À peine la Coupe Rogers terminée, les courts de tennis du parc Jarry ont rapidement été transformés en terrain de soccer de plage. Mais un nuage gris plane au-dessus du stade Uniprix. Christian Prévost, directeur technique de Beach Soccer Montréal 2012, n'arrive pas à croire que le Maroc ne pourra pas disputer son premier match contre l'Italie ce soir, ni aucune des parties prévues demain et dimanche.

«On a dit aux joueurs qu'ils n'avaient pas un revenu financier suffisant. On craint qu'ils veuillent rester ici après le tournoi. C'est une brique que nous avons reçue sur notre tournoi, cette semaine», affirme-t-il.

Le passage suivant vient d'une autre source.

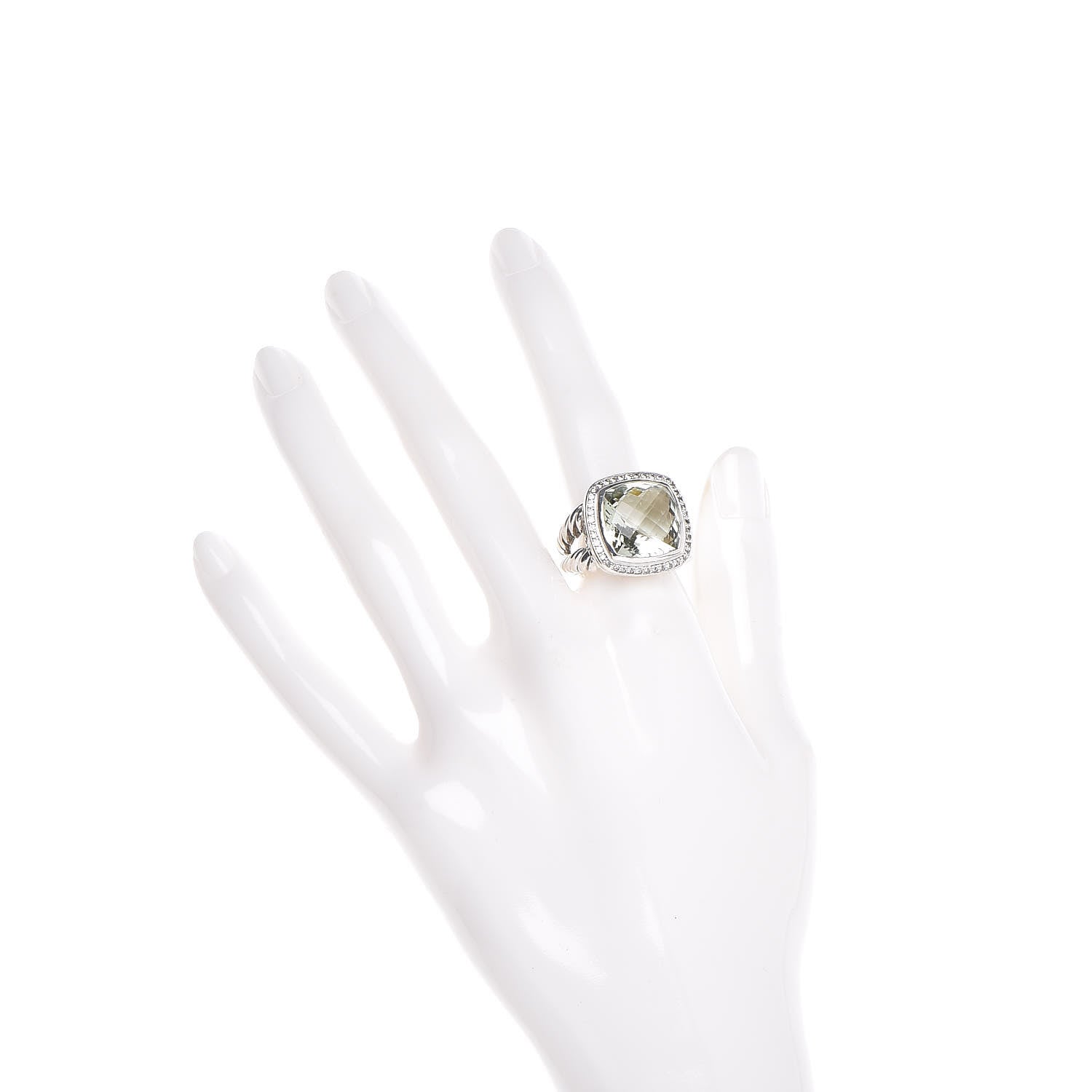 David Yurman Sterling Silver Diamond Prasiolite 14mm Albion Ring 54 7 4 of 5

Moustapha El-Haddaoui, entraîneur de l'équipe, est consterné. Seuls trois membres de l'entourage de l'équipe et lui ont reçu l'autorisation de voyager au Canada. «Les gars ont de bonnes situations, ici, a-t-il dit. Ils jouent dans des clubs de première division. Ils n'allaient pas se barrer. C'est une honte! C'est inadmissible. C'est une grande déception. Ces joueurs ont des contrats. Ce n'est pas une équipe de rue ou de quartier!»

Le Maroc sélectionne les meilleurs joueurs du pays pour former son équipe nationale. Dans la dernière année, ils ont participé à plusieurs tournois à l'étranger, notamment en France, en Suisse, en Belgique et en Afrique du Sud. Selon M. El-Haddaoui, c'est la première fois qu'on leur refuse le droit d'entrée dans un pays.

L'équipe marocaine ne compte pas rester les bras croisés devant la décision d'Ottawa. Elle promet de formuler une plainte à la Fédération internationale de football association (FIFA). «Le sport est censé unir toutes les nations, tous les peuples», rappelle M. El-Haddaoui.

Les organisateurs du tournoi de soccer de plage encaissent également un dur coup financier puisqu'ils avaient payé les billets d'avion et l'hôtel des 10 joueurs. M. Prévost craint également que les partisans de soccer maghrébins décident de bouder le tournoi. Ce sont des joueurs canadiens, dont des Québécois, qui remplaceront l'équipe marocaine.

Sept critères à respecter

L'arrondissement de Villeray-Saint-Michel-Parc-Extension, où se déroule le tournoi en fin de semaine, mise beaucoup sur le soccer pour tirer les jeunes de la rue, affirme Anie Samson, mairesse de l'arrondissement. Elle est d'autant plus déçue que le Petit Maghreb se trouve dans son secteur de la ville. «Ce qui est dommage, c'est que ce ne sont pas des petits jeunes. Ils ont fait leurs preuves et ont voyagé dans plusieurs pays pour participer à des compétitions. Le Canada est censé être ouvert et sensible au multiculturalisme. On leur a dit que leur revenu n'était pas assez élevé, mais ils ont seulement 20 ans. Ils commencent leur carrière.»

L'arrondissement souhaite obtenir la Coupe du monde de soccer de plage féminine l'année prochaine, mais Mme Samson craint que la FIFA ne décide d'accorder le tournoi à un pays où les joueurs n'auront pas de difficulté à obtenir un visa.

Le ministère de la Citoyenneté et de l'Immigration assure pour sa part que les voyageurs étrangers ne doivent pas avoir un revenu minimal pour pouvoir voyager au Canada. Ils doivent cependant respecter sept critères, comme convaincre l'agent des visas qu'ils «quitteront volontairement le Canada à la fin de la période de séjour autorisée» ou «avoir suffisamment d'argent pour subvenir à leurs besoins et à ceux des membres de leur famille pendant leur séjour au Canada».

«La situation familiale et économique globale est évaluée par l'agent des visas. Les demandes sont évaluées au cas par cas. Toutes les demandes sont évaluées de manière égale, par l'entremise de critères ne tenant pas compte du pays d'origine du requérant», assure Julie Lafortune, porte-parole du Ministère, qui refuse toutefois de fournir davantage de détails sans l'autorisation écrite des joueurs marocains.

Le tournoi qui commence ce soir perdra peut-être quelques partisans mais, même absents, les Marocains auront tout de même le mérite d'avoir fait connaître le soccer de plage à certains Canadiens.